Stored records:
********************
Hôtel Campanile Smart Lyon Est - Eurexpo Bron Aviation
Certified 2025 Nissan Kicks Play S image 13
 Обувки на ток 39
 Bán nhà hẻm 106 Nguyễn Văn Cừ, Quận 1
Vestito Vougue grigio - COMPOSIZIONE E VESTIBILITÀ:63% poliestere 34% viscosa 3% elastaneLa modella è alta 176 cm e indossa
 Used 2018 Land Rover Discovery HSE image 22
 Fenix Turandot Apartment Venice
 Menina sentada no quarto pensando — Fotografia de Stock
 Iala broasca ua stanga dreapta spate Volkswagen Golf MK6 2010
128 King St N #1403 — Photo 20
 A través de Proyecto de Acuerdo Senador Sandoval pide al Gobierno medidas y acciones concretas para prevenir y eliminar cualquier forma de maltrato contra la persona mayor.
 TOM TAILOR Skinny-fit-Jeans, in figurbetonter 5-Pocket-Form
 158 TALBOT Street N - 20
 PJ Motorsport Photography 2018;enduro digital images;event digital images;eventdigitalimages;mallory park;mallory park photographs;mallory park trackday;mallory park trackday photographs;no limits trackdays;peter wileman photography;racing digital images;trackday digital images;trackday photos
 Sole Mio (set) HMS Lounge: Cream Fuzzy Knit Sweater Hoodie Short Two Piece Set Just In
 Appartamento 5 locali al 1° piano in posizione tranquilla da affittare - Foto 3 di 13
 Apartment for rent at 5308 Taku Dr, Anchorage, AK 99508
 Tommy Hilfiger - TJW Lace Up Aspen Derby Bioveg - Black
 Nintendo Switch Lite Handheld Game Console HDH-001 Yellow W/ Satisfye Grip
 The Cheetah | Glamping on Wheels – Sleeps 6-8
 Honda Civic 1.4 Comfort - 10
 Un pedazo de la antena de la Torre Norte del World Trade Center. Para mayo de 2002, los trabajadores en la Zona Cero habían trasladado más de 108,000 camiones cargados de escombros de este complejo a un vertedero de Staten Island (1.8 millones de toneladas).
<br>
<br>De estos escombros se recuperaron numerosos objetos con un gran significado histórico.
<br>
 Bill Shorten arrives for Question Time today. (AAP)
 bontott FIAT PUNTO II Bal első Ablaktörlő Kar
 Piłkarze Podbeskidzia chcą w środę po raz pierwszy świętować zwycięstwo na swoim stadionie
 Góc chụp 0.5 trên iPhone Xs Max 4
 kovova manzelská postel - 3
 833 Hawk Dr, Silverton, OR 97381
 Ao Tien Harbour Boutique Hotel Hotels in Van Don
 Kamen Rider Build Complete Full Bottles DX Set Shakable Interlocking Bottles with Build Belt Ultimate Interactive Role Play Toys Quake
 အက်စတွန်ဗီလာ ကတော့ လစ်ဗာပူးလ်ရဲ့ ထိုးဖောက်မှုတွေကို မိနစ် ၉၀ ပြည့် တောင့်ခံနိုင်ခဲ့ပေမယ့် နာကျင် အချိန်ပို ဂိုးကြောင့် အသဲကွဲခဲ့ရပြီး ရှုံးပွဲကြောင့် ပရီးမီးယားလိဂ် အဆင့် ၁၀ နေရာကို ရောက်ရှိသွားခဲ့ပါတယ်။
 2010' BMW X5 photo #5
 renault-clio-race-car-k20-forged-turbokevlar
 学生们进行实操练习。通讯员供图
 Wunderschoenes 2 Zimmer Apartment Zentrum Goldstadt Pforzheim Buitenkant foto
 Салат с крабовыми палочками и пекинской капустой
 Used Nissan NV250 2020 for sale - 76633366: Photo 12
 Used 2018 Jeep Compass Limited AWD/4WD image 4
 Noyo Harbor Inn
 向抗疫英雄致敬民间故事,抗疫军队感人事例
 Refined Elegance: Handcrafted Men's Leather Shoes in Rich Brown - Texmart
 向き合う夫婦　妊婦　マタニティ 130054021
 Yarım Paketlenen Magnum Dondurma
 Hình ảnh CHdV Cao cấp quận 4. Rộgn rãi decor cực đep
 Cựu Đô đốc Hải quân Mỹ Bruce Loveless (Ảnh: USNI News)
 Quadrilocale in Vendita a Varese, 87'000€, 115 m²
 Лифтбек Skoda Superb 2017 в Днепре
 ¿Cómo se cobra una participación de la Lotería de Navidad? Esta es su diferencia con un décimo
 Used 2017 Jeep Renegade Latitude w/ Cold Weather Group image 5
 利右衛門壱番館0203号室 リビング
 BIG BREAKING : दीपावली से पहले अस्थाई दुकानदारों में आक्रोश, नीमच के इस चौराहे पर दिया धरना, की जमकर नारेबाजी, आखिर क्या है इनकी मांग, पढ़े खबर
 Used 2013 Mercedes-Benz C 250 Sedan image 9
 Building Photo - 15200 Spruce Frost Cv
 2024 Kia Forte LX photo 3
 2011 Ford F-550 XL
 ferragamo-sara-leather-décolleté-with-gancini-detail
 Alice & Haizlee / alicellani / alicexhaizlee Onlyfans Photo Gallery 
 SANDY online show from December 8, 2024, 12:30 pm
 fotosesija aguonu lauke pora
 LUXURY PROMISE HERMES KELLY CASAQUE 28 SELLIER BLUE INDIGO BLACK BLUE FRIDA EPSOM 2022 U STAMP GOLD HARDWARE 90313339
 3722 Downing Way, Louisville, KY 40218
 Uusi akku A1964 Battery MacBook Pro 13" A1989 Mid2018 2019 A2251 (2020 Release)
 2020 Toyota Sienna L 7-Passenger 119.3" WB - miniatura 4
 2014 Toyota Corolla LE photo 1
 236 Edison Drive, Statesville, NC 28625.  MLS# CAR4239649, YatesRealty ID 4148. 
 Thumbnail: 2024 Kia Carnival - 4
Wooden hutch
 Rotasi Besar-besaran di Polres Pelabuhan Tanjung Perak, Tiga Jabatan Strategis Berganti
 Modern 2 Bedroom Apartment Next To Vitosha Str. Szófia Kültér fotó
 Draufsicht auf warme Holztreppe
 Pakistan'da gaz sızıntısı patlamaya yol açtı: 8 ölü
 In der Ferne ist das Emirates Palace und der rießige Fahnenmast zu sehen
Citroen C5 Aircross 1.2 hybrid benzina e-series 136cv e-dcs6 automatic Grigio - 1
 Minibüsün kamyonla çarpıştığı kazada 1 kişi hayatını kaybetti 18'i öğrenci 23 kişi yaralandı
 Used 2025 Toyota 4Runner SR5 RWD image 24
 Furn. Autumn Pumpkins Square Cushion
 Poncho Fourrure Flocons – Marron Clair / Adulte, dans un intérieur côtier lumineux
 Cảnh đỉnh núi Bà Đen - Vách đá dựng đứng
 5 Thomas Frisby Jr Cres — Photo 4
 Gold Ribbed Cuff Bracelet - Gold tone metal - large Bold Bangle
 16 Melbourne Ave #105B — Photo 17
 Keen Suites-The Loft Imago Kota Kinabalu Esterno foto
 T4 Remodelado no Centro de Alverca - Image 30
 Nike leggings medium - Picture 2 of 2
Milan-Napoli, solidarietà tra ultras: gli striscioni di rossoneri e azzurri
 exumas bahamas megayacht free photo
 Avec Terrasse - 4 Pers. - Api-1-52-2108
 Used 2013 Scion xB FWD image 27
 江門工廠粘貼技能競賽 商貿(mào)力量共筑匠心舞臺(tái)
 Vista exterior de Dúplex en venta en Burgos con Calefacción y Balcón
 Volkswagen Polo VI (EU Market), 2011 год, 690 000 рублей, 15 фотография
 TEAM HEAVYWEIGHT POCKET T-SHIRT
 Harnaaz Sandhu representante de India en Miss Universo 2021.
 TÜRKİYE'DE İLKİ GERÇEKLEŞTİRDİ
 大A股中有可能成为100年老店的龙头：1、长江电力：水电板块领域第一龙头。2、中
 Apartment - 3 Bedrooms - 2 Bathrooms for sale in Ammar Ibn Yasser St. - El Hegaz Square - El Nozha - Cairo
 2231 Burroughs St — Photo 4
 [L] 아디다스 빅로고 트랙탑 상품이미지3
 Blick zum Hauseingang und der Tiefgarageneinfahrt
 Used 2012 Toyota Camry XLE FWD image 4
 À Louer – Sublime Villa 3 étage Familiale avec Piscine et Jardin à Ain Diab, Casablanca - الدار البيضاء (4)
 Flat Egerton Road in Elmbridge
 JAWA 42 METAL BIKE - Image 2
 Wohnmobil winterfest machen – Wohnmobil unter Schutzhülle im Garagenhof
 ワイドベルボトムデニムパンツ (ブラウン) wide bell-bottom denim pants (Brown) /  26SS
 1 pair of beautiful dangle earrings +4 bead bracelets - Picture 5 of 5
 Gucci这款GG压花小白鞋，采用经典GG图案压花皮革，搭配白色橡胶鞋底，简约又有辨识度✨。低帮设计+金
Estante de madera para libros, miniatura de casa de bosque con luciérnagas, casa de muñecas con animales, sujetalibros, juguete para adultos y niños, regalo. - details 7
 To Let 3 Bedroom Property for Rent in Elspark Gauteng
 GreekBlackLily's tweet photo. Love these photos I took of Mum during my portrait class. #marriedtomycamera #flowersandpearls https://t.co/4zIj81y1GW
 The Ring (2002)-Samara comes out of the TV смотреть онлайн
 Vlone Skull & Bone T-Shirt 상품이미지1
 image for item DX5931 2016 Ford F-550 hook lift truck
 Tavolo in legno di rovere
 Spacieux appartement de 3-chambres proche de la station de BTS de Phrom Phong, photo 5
********************
Track down every line in the entries that includes the string "sale", and copy it.

 Used Nissan NV250 2020 for sale - 76633366: Photo 12
 Apartment - 3 Bedrooms - 2 Bathrooms for sale in Ammar Ibn Yasser St. - El Hegaz Square - El Nozha - Cairo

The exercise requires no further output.